Why dont you make up a long extension tube with a hitch on one end to fit on your tow ball and a ball on the other end to fit into the hitch on your trailer, hook up one end to tow vehicle and other to trailer and get your trailer further into the water.
You are obviousley not getting your trailer far enough in with the method you are presently using which is causing you all the grief.
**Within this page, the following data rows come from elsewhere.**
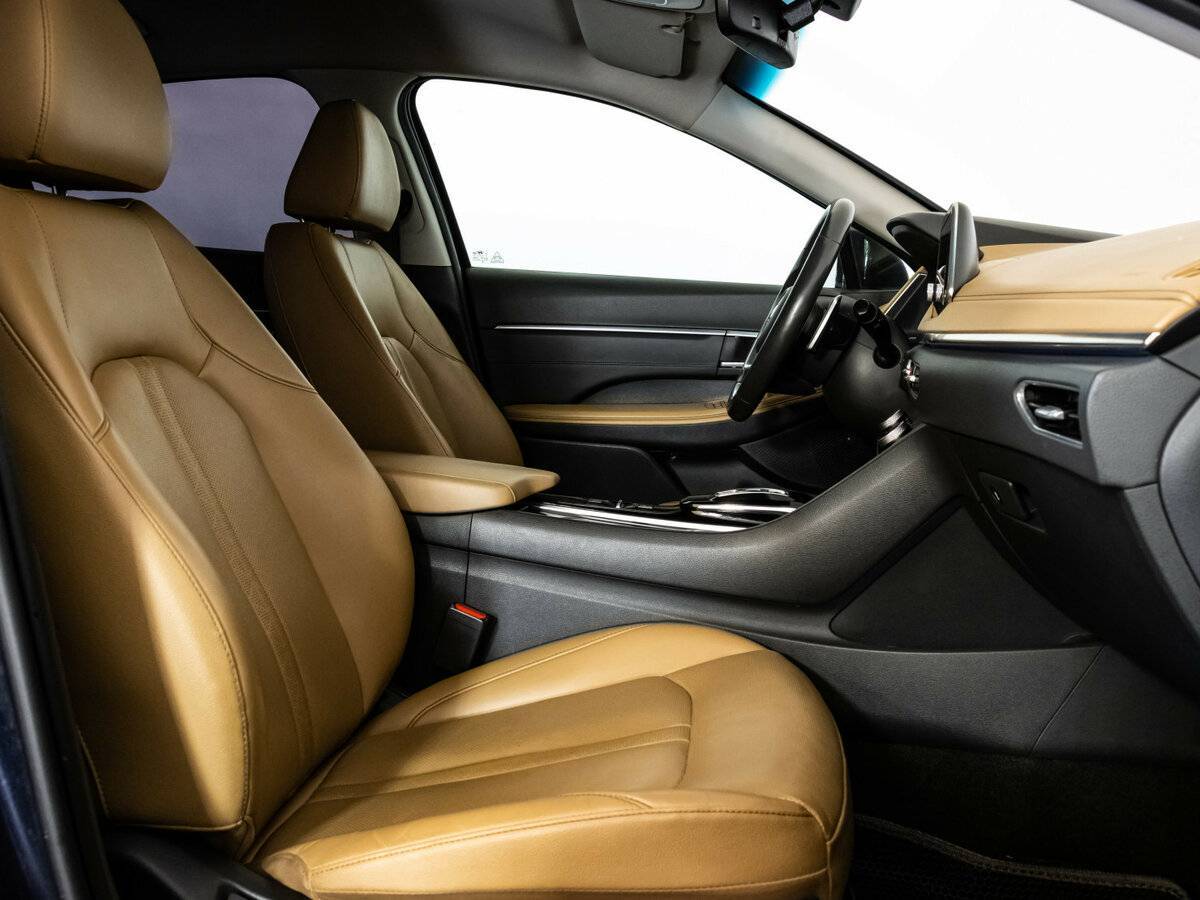 Hyundai Sonata 2020 года с пробегом. Фото: #16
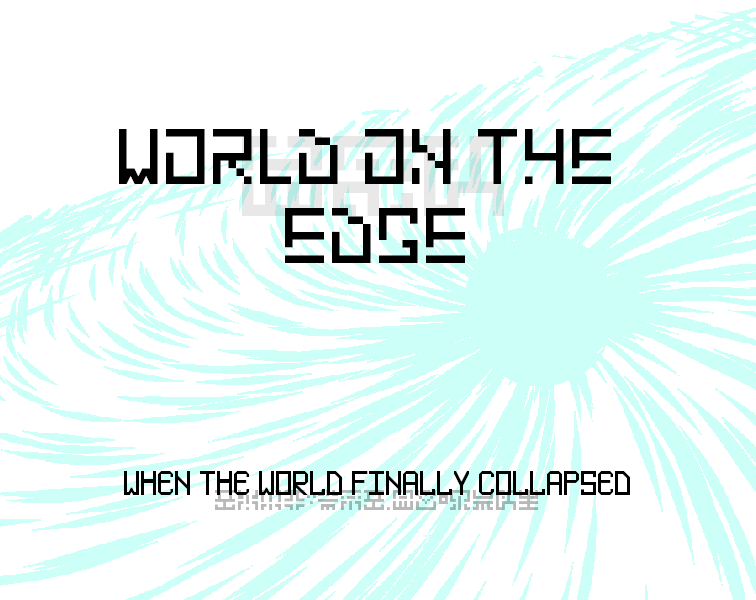 World on The Edge cover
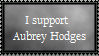 Aubrey Hodges Support Stamp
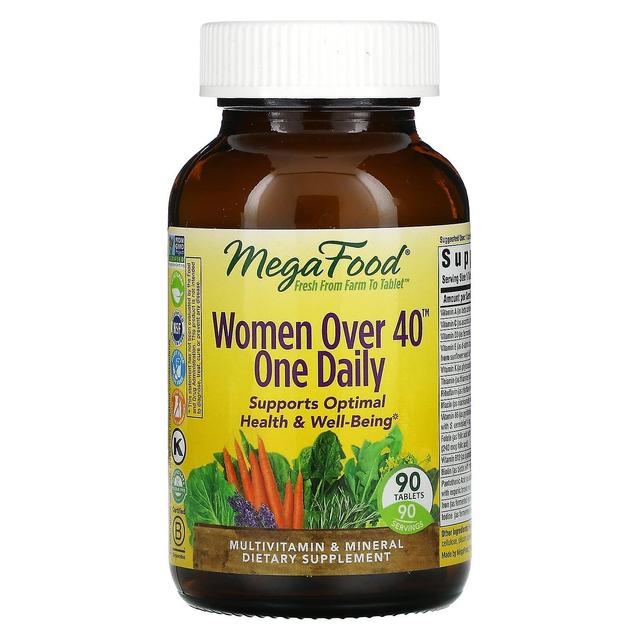 MegaFood, Women Over 40 One Daily, 90 Tablets on Productcaster.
The lower bow of the boat should be at the front of the trailer while the stern is still floating, once you achieve this then you secure the bow with a line to the front of trailer, then slowley move trailer out of water until the keels sit down onto their beds.
 
Thank you very much for your reply.
I have an extended towbar, about 4 meters long and the trailer is quite far in the water. The boat comes forward until the bow reaches the rubber block on the raised part of the trailer and can thus not come further forward. If I now pull the trailer out, the rear of the boat settles down and the bow rises. I now have to let out some cable from the winch to the anchor roller to prevent the bow being pulled down by the winch. Even it the boat does not slip back whilst doing so, a gap starts to open up between the bow and the rubber block as the bow rises and the boat is therefore to far back on the trailer. However once the boat is properly on the trailer and the boat dragged forwards until the bow again meets the rubber block the centre of gravity is about in the right place. Therefore I believe that the rubber block is in the right place. However it looks as if this block is in the wrong place during recovery but there is no way of temporarily removing this block.
 
Maybe try using a mooring warp or something with a bit of give in it. I have the same problem retreiving a Jeanneau Tonic using a 10 metre strop to the tow hitch to get the trailer in far enough.

I bring the boat up to the V at the front of the trailer, Tie a long mooring warp with a bit of give in it as tight as I can between the tow ball and the sampson post on my boat and pull the trailer out. The warp keeps the boat tightish to the V but gives enough as the boat settles on to the trailer.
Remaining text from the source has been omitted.